[Entries taken from a collection]
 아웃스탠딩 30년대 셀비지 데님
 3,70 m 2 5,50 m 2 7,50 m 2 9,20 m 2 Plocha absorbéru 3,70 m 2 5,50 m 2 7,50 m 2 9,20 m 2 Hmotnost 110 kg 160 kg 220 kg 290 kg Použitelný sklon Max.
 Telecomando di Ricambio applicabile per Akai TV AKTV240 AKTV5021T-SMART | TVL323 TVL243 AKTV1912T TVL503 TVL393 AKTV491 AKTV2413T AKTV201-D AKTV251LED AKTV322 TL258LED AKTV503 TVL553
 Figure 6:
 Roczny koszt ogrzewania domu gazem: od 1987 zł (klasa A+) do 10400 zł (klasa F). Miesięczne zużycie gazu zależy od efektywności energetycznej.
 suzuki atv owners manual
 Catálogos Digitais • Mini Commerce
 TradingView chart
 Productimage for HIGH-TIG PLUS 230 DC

### WHAT THE TASK REQUIRES
Could you give again exactly the lines from the line containing "Catálogos Digitais • Mini Commerce" through the final line of the data above, and no others?

### EXPECTED OUTPUT
 Catálogos Digitais • Mini Commerce
 TradingView chart
 Productimage for HIGH-TIG PLUS 230 DC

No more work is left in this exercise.